[EXCERPTED RECORDS Boundary: Start]

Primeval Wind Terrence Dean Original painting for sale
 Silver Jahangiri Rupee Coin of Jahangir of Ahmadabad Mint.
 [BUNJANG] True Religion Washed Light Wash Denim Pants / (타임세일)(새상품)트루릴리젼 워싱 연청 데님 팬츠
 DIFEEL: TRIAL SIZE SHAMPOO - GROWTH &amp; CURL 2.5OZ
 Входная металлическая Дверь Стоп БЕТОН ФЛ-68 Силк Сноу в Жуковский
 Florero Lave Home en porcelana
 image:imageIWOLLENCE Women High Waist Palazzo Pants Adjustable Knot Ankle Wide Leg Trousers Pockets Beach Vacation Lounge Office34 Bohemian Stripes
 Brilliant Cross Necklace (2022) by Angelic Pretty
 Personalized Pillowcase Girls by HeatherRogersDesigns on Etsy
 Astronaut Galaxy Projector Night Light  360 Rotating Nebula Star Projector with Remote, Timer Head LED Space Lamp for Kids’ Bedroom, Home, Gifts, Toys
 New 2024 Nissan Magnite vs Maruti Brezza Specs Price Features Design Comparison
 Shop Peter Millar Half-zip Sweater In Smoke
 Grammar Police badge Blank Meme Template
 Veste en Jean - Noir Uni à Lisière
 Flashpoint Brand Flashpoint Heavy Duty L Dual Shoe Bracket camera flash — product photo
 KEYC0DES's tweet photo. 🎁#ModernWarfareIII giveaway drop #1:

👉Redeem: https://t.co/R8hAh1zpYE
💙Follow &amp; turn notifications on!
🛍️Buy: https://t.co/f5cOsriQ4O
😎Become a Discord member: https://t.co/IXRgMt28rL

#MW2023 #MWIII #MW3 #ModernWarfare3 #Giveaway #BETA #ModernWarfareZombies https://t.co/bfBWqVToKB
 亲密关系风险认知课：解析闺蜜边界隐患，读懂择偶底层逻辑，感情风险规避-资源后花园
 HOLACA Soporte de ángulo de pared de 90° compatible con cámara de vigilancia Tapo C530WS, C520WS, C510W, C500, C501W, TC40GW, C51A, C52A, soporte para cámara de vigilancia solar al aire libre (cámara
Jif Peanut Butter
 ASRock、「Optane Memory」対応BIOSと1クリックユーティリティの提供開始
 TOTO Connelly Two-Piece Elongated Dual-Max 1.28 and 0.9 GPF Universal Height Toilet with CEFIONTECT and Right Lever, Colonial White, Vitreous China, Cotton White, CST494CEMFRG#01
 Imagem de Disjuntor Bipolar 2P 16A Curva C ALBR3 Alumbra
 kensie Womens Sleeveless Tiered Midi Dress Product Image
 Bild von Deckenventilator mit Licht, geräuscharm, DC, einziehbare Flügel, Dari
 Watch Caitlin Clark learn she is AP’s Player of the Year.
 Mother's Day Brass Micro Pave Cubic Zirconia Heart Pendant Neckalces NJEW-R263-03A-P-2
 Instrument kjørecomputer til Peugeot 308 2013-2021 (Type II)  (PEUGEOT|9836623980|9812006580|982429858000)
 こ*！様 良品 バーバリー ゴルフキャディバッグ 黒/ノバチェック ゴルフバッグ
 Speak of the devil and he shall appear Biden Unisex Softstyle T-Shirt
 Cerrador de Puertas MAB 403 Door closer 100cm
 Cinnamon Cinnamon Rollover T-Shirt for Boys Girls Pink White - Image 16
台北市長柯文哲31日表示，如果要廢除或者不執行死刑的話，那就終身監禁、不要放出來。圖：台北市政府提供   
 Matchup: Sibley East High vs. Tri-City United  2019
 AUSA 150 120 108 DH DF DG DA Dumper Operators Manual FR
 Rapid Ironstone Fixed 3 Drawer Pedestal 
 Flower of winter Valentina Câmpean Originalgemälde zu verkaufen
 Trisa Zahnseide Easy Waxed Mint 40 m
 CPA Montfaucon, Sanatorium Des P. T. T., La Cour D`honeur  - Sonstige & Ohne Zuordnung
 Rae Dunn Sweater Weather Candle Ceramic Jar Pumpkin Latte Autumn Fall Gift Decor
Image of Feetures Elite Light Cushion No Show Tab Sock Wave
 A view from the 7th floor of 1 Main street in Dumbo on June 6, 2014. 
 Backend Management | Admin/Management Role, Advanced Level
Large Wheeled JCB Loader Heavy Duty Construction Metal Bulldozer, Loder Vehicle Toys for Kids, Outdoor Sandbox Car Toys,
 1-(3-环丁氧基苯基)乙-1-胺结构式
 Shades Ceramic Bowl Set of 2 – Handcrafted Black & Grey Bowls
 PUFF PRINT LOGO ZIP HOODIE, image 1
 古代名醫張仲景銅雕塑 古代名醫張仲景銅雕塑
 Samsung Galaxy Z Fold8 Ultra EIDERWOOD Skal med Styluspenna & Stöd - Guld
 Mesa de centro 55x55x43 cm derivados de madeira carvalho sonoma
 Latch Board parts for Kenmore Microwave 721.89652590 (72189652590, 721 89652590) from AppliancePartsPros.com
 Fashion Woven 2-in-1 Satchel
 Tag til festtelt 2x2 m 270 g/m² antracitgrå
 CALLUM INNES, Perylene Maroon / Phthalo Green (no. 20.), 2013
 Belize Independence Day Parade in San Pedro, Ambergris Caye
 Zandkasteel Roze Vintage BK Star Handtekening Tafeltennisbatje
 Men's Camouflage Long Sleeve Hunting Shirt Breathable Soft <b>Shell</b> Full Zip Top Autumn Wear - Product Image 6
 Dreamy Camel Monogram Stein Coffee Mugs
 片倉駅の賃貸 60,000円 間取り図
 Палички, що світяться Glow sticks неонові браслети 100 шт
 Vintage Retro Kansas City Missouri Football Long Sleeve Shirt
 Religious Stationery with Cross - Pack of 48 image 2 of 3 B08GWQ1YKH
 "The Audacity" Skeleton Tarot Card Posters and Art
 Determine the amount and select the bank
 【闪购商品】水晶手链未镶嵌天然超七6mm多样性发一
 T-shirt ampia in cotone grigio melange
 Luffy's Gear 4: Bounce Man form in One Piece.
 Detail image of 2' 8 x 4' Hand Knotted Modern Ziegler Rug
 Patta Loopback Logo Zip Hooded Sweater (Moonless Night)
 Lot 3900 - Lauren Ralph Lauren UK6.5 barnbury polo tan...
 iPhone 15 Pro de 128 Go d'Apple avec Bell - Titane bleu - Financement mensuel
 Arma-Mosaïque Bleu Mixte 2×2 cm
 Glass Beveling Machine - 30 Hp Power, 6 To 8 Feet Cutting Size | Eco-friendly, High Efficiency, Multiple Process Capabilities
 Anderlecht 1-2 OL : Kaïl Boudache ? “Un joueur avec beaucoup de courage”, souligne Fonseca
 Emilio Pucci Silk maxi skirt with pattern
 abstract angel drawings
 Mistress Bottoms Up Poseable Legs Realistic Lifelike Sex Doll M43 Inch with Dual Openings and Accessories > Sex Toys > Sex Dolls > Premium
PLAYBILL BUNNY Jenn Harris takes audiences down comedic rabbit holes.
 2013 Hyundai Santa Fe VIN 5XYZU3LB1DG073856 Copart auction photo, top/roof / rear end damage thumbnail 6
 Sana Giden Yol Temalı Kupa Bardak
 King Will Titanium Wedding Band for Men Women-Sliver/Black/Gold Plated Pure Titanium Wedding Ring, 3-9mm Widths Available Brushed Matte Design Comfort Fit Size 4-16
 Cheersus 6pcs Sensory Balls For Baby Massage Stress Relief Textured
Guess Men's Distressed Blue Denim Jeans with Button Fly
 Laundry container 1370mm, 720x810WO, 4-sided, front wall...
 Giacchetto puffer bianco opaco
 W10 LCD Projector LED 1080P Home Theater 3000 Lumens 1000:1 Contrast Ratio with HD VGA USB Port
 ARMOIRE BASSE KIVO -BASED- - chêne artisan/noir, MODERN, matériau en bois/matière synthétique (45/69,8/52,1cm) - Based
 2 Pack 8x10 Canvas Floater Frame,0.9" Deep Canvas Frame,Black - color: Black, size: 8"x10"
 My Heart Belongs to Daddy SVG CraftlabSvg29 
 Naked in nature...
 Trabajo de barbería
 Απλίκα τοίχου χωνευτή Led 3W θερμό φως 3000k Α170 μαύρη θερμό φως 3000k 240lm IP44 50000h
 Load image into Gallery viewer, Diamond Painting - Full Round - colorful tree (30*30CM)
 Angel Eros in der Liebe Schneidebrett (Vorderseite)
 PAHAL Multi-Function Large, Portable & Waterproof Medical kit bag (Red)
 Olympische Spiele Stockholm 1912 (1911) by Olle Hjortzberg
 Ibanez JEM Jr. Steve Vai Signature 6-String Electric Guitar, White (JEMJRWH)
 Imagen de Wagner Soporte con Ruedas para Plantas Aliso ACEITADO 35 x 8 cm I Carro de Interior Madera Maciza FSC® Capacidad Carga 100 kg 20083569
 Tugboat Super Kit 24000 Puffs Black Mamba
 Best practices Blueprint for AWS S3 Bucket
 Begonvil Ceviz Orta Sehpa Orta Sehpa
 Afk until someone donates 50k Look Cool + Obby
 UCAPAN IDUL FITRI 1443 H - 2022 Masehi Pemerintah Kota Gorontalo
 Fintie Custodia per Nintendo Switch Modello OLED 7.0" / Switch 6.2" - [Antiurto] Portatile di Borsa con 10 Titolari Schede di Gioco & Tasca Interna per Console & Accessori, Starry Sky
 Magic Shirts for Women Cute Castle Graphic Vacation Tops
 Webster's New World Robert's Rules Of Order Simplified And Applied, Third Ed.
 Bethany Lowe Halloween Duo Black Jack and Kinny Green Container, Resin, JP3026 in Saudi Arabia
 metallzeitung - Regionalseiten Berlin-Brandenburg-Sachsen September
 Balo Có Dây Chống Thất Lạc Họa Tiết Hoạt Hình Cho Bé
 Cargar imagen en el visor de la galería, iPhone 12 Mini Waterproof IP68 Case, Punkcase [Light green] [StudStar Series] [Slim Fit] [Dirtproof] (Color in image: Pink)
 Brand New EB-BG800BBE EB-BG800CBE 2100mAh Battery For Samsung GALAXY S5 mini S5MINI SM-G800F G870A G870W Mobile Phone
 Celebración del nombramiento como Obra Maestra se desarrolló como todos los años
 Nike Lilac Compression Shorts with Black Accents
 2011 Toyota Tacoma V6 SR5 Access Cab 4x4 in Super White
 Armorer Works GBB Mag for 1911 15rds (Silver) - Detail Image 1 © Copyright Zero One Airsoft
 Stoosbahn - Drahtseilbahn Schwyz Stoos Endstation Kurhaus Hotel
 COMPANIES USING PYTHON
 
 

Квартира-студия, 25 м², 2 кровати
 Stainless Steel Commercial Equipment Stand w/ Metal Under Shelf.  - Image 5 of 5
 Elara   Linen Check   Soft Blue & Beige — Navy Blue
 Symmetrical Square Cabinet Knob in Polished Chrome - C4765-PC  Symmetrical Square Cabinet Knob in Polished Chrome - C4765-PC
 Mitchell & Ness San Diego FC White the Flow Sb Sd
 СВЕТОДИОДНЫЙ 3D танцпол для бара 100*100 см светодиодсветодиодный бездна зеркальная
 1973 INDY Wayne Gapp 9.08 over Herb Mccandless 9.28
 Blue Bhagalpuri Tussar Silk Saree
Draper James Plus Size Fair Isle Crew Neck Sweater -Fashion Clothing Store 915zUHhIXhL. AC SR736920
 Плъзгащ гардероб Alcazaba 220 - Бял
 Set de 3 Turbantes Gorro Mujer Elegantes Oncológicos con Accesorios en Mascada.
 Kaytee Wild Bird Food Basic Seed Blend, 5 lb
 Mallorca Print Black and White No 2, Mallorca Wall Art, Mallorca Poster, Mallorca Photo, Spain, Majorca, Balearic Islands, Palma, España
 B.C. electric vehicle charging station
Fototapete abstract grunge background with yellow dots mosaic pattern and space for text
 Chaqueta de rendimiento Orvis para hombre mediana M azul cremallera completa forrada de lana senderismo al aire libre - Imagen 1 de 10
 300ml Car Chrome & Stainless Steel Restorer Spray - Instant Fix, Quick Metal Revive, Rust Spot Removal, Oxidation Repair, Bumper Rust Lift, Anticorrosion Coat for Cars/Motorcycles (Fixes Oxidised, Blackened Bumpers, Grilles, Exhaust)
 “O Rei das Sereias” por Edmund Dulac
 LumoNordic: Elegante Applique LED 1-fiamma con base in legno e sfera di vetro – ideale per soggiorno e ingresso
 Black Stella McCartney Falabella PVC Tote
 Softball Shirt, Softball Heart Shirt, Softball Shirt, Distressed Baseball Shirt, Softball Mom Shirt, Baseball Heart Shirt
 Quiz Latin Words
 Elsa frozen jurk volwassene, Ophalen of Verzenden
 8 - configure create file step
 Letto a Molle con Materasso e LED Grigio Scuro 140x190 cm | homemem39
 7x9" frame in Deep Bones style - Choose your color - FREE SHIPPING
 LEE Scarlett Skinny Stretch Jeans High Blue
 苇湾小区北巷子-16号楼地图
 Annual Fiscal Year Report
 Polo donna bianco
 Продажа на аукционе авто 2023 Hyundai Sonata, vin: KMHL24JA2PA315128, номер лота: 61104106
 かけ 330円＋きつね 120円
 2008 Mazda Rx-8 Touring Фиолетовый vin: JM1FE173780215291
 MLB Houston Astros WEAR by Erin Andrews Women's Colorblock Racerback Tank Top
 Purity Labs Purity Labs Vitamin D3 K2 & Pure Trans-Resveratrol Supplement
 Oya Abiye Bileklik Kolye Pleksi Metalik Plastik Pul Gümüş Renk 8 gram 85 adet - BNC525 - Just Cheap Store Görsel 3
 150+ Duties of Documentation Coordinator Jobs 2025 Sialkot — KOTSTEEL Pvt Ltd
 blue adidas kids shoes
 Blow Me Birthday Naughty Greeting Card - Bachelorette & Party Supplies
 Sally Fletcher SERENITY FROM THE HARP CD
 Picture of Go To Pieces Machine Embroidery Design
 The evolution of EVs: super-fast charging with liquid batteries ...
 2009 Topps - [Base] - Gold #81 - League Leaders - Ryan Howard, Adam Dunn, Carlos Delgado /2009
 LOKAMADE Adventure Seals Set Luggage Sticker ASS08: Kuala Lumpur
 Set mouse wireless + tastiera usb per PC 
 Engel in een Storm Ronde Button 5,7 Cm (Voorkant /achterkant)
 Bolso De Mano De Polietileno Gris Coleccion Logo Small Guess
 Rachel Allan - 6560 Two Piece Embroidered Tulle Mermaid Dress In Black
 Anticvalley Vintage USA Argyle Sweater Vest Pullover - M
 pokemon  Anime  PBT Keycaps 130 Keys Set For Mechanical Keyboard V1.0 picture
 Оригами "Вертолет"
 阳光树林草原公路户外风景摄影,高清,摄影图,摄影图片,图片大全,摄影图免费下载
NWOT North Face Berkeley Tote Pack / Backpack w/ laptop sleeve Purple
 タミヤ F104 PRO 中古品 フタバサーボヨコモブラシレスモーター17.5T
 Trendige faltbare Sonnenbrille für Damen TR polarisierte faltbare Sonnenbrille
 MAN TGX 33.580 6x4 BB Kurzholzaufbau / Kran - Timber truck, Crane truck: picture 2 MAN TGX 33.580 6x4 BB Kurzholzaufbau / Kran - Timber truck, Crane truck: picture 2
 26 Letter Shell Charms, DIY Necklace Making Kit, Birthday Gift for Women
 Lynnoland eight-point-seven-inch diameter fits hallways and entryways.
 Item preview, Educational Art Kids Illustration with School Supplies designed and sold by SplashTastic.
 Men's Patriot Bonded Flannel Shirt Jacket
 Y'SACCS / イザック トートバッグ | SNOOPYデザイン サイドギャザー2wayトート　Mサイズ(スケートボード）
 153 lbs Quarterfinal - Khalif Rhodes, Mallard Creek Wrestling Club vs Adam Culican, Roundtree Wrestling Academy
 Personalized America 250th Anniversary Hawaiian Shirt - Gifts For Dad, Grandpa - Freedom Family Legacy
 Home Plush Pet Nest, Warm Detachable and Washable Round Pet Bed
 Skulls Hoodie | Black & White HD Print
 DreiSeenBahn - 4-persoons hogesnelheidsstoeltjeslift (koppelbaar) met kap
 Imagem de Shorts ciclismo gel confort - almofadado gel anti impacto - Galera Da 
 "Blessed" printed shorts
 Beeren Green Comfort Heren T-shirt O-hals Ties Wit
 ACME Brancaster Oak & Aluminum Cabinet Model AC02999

[EXCERPTED RECORDS Boundary: End]

THE PROBLEM —
With the line that has "Brilliant Cross Necklace" as the first and the line that has "Imagem de Disjuntor" as the last, repeat exactly that run of lines above and no more.

TASK SOLUTION —
 Brilliant Cross Necklace (2022) by Angelic Pretty
 Personalized Pillowcase Girls by HeatherRogersDesigns on Etsy
 Astronaut Galaxy Projector Night Light  360 Rotating Nebula Star Projector with Remote, Timer Head LED Space Lamp for Kids’ Bedroom, Home, Gifts, Toys
 New 2024 Nissan Magnite vs Maruti Brezza Specs Price Features Design Comparison
 Shop Peter Millar Half-zip Sweater In Smoke
 Grammar Police badge Blank Meme Template
 Veste en Jean - Noir Uni à Lisière
 Flashpoint Brand Flashpoint Heavy Duty L Dual Shoe Bracket camera flash — product photo
 KEYC0DES's tweet photo. 🎁#ModernWarfareIII giveaway drop #1:

👉Redeem: https://t.co/R8hAh1zpYE
💙Follow &amp; turn notifications on!
🛍️Buy: https://t.co/f5cOsriQ4O
😎Become a Discord member: https://t.co/IXRgMt28rL

#MW2023 #MWIII #MW3 #ModernWarfare3 #Giveaway #BETA #ModernWarfareZombies https://t.co/bfBWqVToKB
 亲密关系风险认知课：解析闺蜜边界隐患，读懂择偶底层逻辑，感情风险规避-资源后花园
 HOLACA Soporte de ángulo de pared de 90° compatible con cámara de vigilancia Tapo C530WS, C520WS, C510W, C500, C501W, TC40GW, C51A, C52A, soporte para cámara de vigilancia solar al aire libre (cámara
Jif Peanut Butter
 ASRock、「Optane Memory」対応BIOSと1クリックユーティリティの提供開始
 TOTO Connelly Two-Piece Elongated Dual-Max 1.28 and 0.9 GPF Universal Height Toilet with CEFIONTECT and Right Lever, Colonial White, Vitreous China, Cotton White, CST494CEMFRG#01
 Imagem de Disjuntor Bipolar 2P 16A Curva C ALBR3 Alumbra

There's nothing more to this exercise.